Ketika ia menahan emosinya itu, maka lakukan dengan ikhlash karena Allah yang mewajibkan kita tidak menyakiti orang tua. Artinya lakukan dengan nyaman demi mendapat pahala, keridhaan dan ampunanNya. Insya Allah, justru akan menjadi pencerdas baginya. Tapi kalau tidak ikhlash, karena tidak menang debat dengan orang tuanya, maka ia akan tertekan sendiri dan, mungkin tidak akan dapat pahala walaupun sudah pasti tidak melakukan dosa, beda kalau melawan dengan suara tinggi atau balik memaksakannya.

Tentu saja, sekalipun tidak bertengkar, tidak wajib mengikuti orang tuanya kalau betentangan dengan agama


Erna Maruf: Masya Allah, masalah ini juga masih ada pada diri saya dan orang tua. Saya lebih baik menghindari perdebatan sengit. Dari awal kami saling bertentangan tapi saya yakin masih ada kesempatan untuk orangtua dan saudara laki-laki saya untuk mengenal Ahlul Bayt.

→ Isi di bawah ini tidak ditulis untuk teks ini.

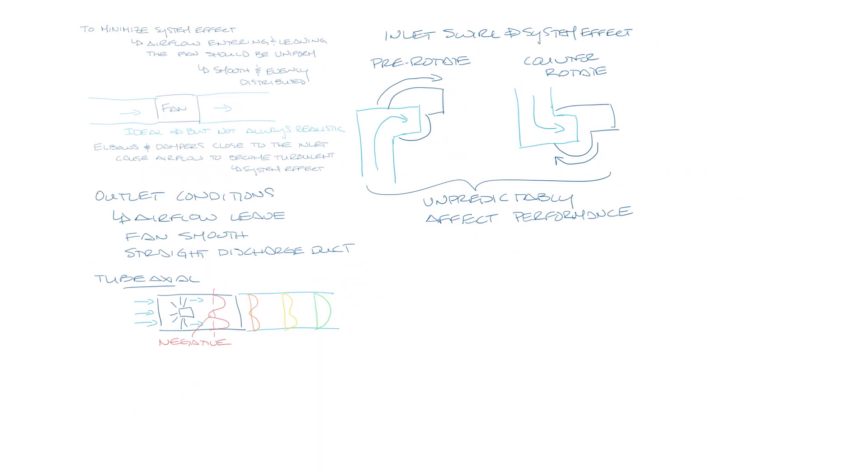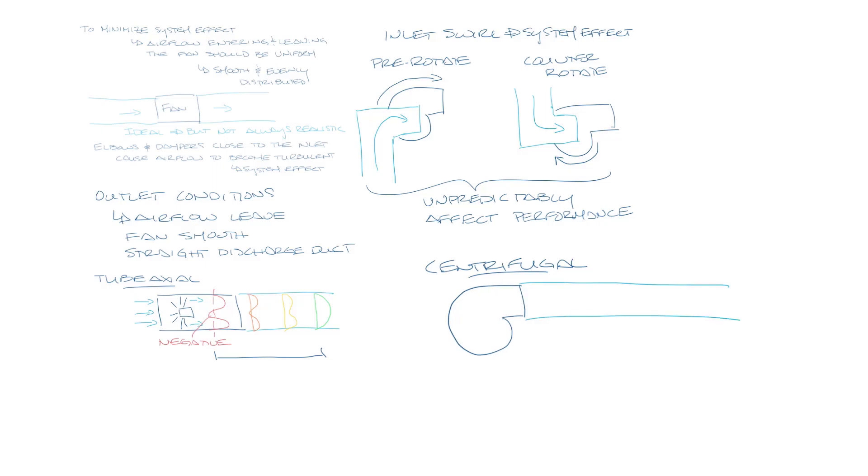But it takes some distance to get to the point where the airflow is uniform and smooth. In the case of a centrifugal fan, more air is discharged near the top or outside edge of the fan, and it moves down the ductwork kind of like this. Again, it takes some distance before it gets smooth and uniform.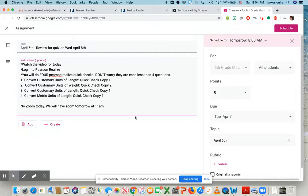Okay. Any questions? Come to Zoom on Tuesday or post questions here. Thanks, guys. Bye.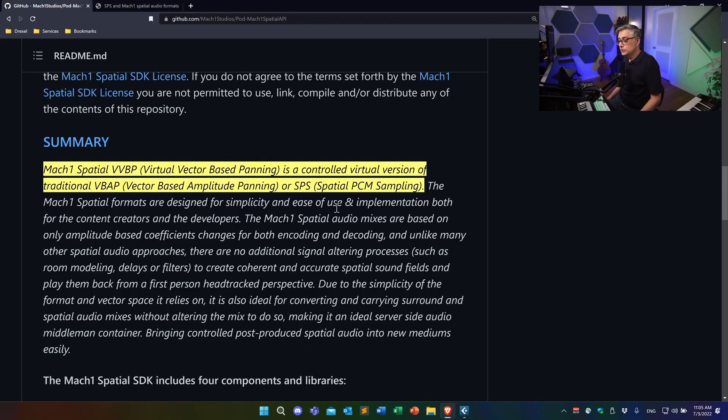The more interesting thing is the spatial PCM sampling approach, which establishes the relationship to Ambisonics. To get a sense of what that actually is, it makes sense to go to the source — somebody that most people in the spatial audio community are very aware of: Santiago Farina. On his webpage he explains what spatial PCM sampling is and how Mach1 actually fits into that concept.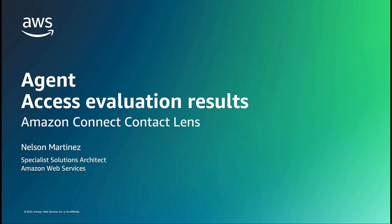Hi, I am Nelson Martinez, Specialist Solutions Architect for Amazon Connect.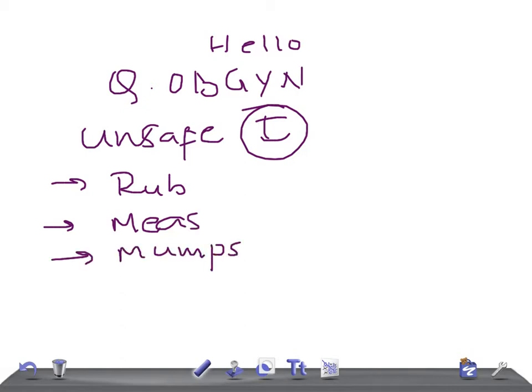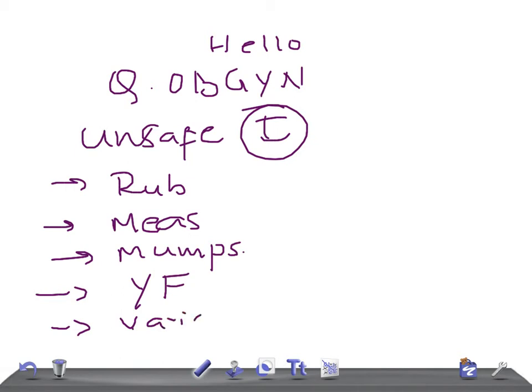Then we have yellow fever and varicella. And another important thing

Sang Pecinta: Seseorang ini memutuskan untuk memberitahukan orang-tuanya bahwa sudah saatnya hidup mandiri, mengingat perdebatan yang cenderung memicu pertengkaran sering tidak dapat dihindarkan. Sejauh pengetahuan psikologi dan pengalaman saya, ustad, para orang tua merasa lebih pengalaman, lebih tahu segala hal, sehingga seringkali kurang menghiraukan pendapat anak. Berbeda pendapat adalah fitrah manusia. Kasus ini saya baca banyak terjadi di keluarga Indonesia.

Saya sendiri ketika mencoba memulai shalat dengan tangan lurus, mendapat pertentangan orang-tua, menurut mereka yang tidak lazim, jangan dilakukan. Pertentangan keras pada saya pun mengalir, sampai mereka menyidang saya dan meminta untuk shalat seperti biasa. Akan tetapi lambat laun saya bisa menjalankan fiqh shalat Ahlul Bayt, mereka belum tahu kalau saya hijrah ke Ahlul Bayt.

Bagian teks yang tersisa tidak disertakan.